Using Built-in Chef Classes to Learn about Your Chef Environment
One thing I’ve come to learn about Chef is there are many ways to accomplish the same task. Since I’m usually under pressure to produce a working solution quickly, I often start by Googling specific questions. I want to discover if someone has already created a recipe or a library that accomplishes the same task with minimal tweaking.
Of course, using other people’s code brings distinct challenges and risks. Do I really understand what the code I’m borrowing does? How much time do I want to spend trying to figure that out?
Rolling your own code also presents its own obstacles. If I had to write the code myself, I’d have to work through the usual development process of learn, code, test, correct, repeat.
Fortunately, I realized there is a middle ground between tweaking someone else’s code and writing my own.
Digging into the Source Code
The Chef developers chose to write Chef in Ruby, an interpreted object-oriented language. As someone who likes to peek under the covers, I took some time to gain a working knowledge of Ruby after I started using Chef.
In this case, I needed to provide usage data about a client’s Chef environment. Fortunately, I was able to quickly scan the code for some promising leads because the source code for Chef is available on Github.
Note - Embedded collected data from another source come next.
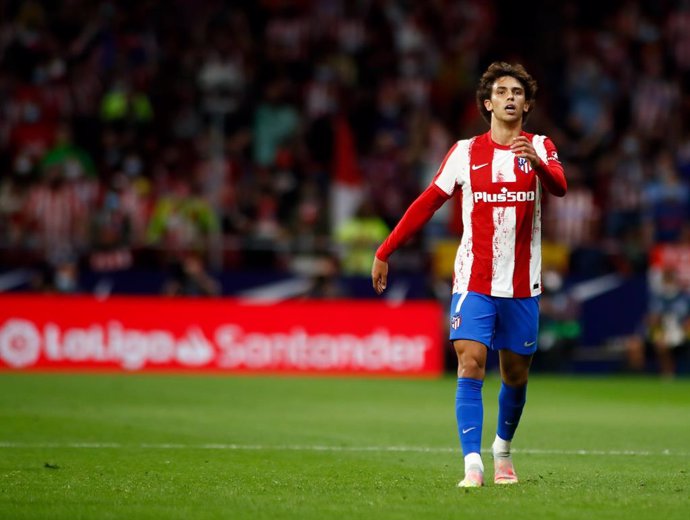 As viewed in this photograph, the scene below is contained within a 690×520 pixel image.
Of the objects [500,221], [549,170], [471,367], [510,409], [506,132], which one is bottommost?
[510,409]

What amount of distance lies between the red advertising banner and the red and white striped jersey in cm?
1197

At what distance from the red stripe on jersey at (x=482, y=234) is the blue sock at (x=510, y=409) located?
0.69 metres

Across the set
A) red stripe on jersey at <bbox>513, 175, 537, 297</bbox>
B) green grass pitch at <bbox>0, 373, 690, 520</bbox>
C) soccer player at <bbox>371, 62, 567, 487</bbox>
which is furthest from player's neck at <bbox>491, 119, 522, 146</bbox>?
green grass pitch at <bbox>0, 373, 690, 520</bbox>

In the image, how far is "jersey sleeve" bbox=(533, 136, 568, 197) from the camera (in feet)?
26.8

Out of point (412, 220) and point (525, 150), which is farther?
point (412, 220)

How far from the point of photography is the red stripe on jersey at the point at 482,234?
8.38m

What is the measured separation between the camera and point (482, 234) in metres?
8.43

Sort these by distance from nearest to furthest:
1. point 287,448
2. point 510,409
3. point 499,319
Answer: point 499,319, point 510,409, point 287,448

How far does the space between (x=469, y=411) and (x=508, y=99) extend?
5.94ft

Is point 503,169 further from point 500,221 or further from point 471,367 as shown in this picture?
point 471,367

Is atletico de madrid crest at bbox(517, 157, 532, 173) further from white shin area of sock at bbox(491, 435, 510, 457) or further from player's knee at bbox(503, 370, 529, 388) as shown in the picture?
white shin area of sock at bbox(491, 435, 510, 457)

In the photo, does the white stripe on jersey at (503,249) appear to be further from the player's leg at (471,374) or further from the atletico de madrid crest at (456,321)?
the atletico de madrid crest at (456,321)

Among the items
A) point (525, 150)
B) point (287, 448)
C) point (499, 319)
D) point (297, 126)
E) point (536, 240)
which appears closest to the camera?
point (525, 150)

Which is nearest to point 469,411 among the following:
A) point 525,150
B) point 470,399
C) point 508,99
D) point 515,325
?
point 470,399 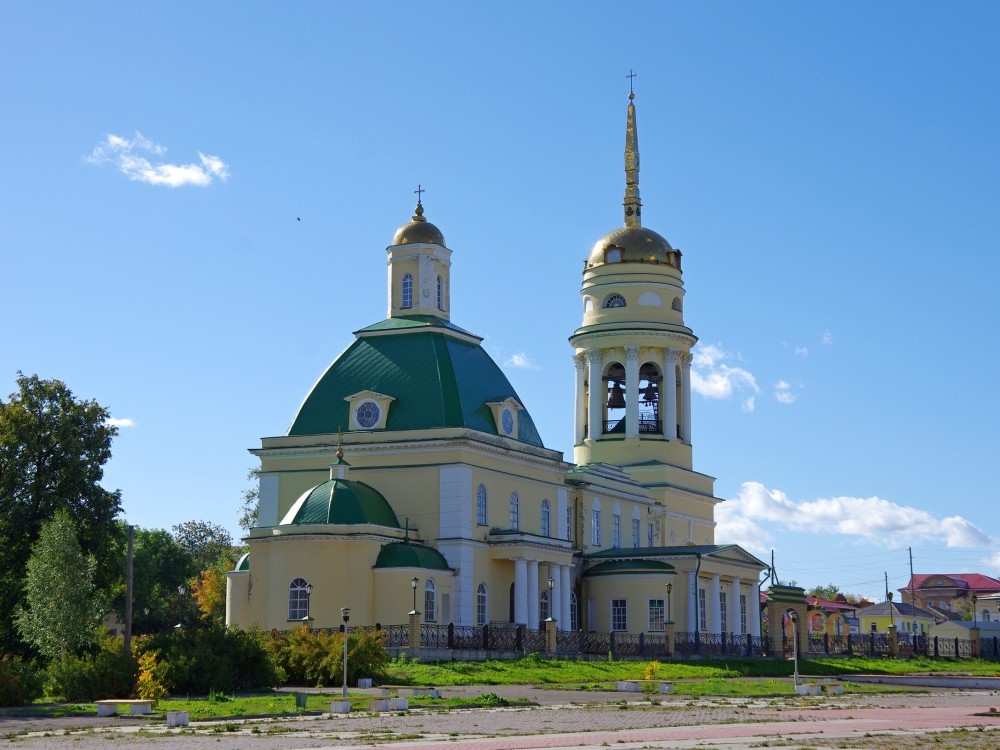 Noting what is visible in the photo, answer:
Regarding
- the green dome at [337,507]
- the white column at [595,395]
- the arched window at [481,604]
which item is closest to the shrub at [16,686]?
the green dome at [337,507]

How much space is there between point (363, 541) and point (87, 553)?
33.0 ft

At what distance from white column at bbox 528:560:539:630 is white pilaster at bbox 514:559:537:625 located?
0.99 feet

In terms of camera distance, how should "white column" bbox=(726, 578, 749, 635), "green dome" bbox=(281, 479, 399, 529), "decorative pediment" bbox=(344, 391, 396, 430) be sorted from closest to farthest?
"green dome" bbox=(281, 479, 399, 529)
"decorative pediment" bbox=(344, 391, 396, 430)
"white column" bbox=(726, 578, 749, 635)

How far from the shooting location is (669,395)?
74250mm

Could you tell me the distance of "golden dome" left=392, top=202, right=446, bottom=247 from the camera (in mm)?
62469

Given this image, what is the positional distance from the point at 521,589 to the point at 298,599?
29.6 ft

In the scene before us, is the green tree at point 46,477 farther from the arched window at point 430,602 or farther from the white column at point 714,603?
the white column at point 714,603

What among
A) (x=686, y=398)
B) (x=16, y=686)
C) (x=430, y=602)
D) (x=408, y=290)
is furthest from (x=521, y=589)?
(x=16, y=686)

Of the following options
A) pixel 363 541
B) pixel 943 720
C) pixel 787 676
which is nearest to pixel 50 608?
pixel 363 541

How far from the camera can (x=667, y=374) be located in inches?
2913

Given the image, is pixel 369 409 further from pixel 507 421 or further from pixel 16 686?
pixel 16 686

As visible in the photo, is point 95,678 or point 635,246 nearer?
point 95,678

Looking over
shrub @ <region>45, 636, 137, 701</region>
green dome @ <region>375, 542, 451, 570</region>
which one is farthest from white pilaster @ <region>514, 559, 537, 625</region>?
shrub @ <region>45, 636, 137, 701</region>

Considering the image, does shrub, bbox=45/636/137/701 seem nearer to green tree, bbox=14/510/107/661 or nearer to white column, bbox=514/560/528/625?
green tree, bbox=14/510/107/661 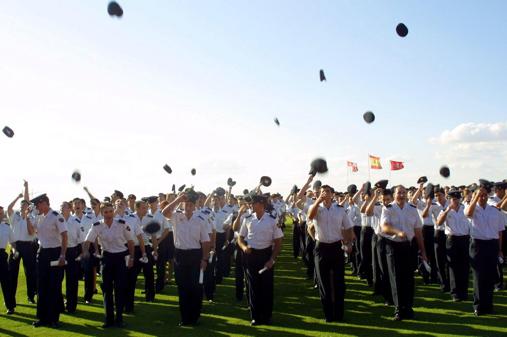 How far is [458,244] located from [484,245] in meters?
1.06

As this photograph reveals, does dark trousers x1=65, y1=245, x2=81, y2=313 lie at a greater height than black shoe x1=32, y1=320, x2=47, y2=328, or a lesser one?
greater

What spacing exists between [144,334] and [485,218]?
640 cm

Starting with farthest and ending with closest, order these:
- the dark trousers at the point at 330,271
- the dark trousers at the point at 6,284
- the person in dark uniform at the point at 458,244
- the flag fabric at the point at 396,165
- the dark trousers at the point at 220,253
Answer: the flag fabric at the point at 396,165 → the dark trousers at the point at 220,253 → the dark trousers at the point at 6,284 → the person in dark uniform at the point at 458,244 → the dark trousers at the point at 330,271

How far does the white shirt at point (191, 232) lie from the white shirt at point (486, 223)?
4.94 meters

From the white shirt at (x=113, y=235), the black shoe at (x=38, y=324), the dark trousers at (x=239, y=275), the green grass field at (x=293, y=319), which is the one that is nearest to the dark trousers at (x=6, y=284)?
the green grass field at (x=293, y=319)

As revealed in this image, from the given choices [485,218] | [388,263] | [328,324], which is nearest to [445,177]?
[485,218]

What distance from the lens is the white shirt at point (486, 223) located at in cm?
929

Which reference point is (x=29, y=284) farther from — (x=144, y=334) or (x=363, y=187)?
(x=363, y=187)

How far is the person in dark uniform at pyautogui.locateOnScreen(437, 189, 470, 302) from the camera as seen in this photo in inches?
405

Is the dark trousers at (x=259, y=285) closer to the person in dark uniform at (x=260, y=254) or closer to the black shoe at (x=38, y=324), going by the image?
the person in dark uniform at (x=260, y=254)

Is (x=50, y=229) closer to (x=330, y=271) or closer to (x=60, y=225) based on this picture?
(x=60, y=225)

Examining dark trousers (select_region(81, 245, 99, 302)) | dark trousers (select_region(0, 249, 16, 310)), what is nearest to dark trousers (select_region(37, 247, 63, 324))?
dark trousers (select_region(0, 249, 16, 310))

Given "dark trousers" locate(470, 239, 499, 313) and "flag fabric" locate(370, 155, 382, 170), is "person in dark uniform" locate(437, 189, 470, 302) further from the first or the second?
"flag fabric" locate(370, 155, 382, 170)

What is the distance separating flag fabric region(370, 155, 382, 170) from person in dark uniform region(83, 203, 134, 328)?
59.1 ft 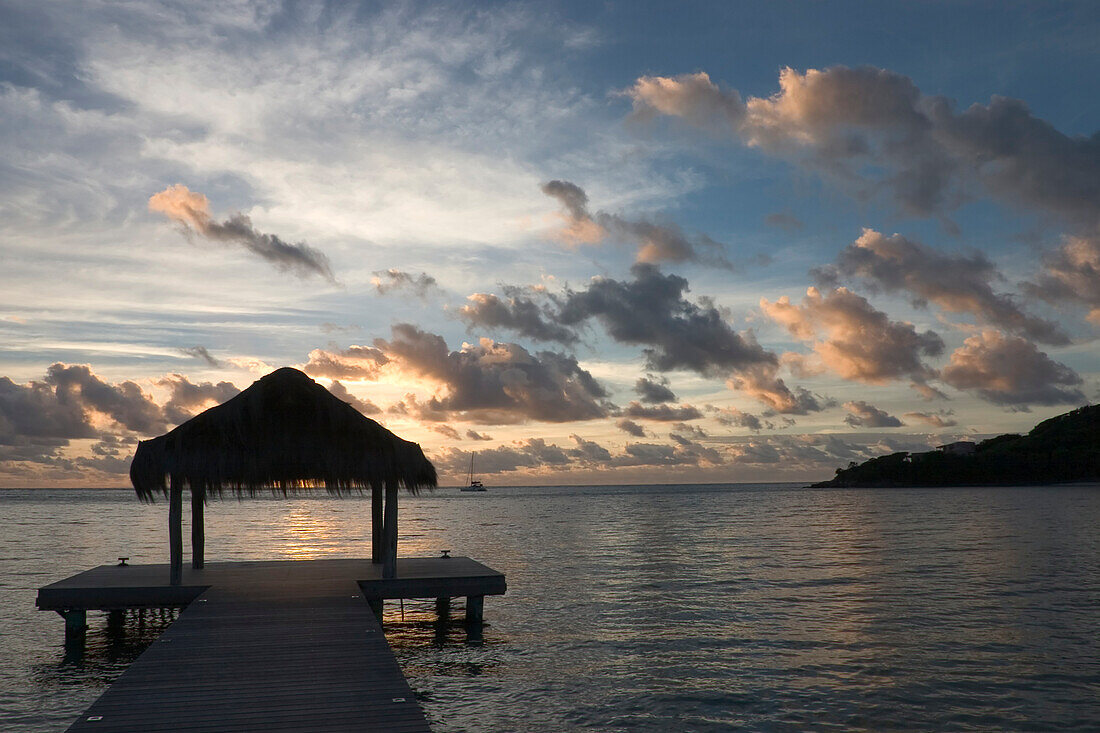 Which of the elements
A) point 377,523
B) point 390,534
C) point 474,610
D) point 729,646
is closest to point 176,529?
point 390,534

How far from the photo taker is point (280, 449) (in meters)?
16.6

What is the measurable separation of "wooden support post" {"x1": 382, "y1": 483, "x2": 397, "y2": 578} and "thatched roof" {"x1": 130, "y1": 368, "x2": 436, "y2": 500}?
0.26m

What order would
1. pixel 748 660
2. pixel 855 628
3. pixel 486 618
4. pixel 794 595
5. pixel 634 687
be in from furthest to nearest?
pixel 794 595 < pixel 486 618 < pixel 855 628 < pixel 748 660 < pixel 634 687

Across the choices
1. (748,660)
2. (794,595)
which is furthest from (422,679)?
(794,595)

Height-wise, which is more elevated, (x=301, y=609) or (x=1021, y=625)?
(x=301, y=609)

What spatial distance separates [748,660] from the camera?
1650 cm

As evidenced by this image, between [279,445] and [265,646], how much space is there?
18.4 ft

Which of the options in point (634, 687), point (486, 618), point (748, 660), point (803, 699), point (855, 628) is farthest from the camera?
point (486, 618)

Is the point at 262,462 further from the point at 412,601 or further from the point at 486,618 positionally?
the point at 412,601

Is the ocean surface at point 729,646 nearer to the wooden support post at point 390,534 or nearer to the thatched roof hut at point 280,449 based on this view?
the wooden support post at point 390,534

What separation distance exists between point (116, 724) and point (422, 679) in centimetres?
783

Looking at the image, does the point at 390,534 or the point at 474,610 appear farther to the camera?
the point at 474,610

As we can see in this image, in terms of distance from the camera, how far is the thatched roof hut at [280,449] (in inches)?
645

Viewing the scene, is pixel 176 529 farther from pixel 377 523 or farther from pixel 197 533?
pixel 377 523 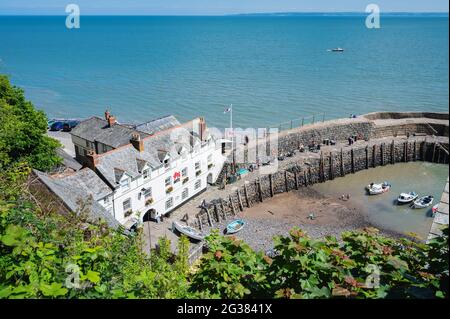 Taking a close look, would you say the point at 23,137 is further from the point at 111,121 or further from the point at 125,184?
the point at 111,121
Specifically, I needed to report on cookbooks by version, existing databags and configured environments. If I was doing this interactively, I could write some queries using knife and get the information I needed. But the client wanted this data as part of a larger set of validations in the form of a recipe.
After poking around Git, I quickly realized the information I was looking for was in the lib folder (https://github.com/chef/chef/tree/master/lib/chef). Better yet, I discovered individual Ruby files included methods for the objects I needed data about.
The next challenge was to figure out how to get the information from within a recipe. Chef allows you to import external libraries (in the form of Ruby gems) during recipe execution, but what I needed was internal to Chef.
Accessing the proper method
One way to access methods from a class is to use the namespace resolution operator in Ruby. Ruby uses the following syntax to describe nested methods: <top level object>::<second level object>::<third level> and so on. I had to figure out the hierarchy to access the methods I needed.
I found the following information on how to access the methods in the comments of the cookbook_version.rb file.
# == Chef::CookbookVersion
# CookbookVersion is a model object encapsulating the data about a Chef
# cookbook. Chef supports maintaining multiple versions of a cookbook on a
# single server; each version is represented by a distinct instance of this
# class.
Specifically, I needed to list all the versions of the cookbooks loaded on the server, which led me to the list_all_versions method. I experimented with the list method but it only returned the latest version of a cookbook.
# The API returns only a single version of each cookbook in the result from the cookbooks method def self.list chef_server_rest.get("cookbooks") end # Alias latest_cookbooks as list class << self alias :latest_cookbooks :list end def self.list_all_versions chef_server_rest.get("cookbooks?num_versions=all") end
Applying the internal Chef class method
The list_all_versions method returns a hash containing the all the cookbooks loaded on the Chef server by version. I extracted those fields from the hash in my library method.
The method to extract that data looked like this:
def build_cookbook_list() cookbooks = Chef::CookbookVersion.list_all_versions cookbook_report = Hash.new {|h, k| h[k] = []} cookbooks.each do |k,v| 0.upto(cookbooks[k]["versions"].size-1) do |ver| cookbook_report[k] << cookbooks[k]["versions"][ver]["version"] end end
The Chef developers also provided a list method to access information about databags and environments. You can call the method with the syntax Chef::Databags.list and Chef::Environment.list respectively.
Once I had created my methods in a helper library, the recipe code was easy to write. I used the statement cookbooks = build_cookbook_list to return the data about the cookbooks in the system.
As a bonus, I avoided having to manage external class references inside my methods. Because I was using built in Chef methods, the methods I was calling were already within the scope of the recipe.
I hope this helps you find a way to easily obtain information about your Chef environment inside a recipe.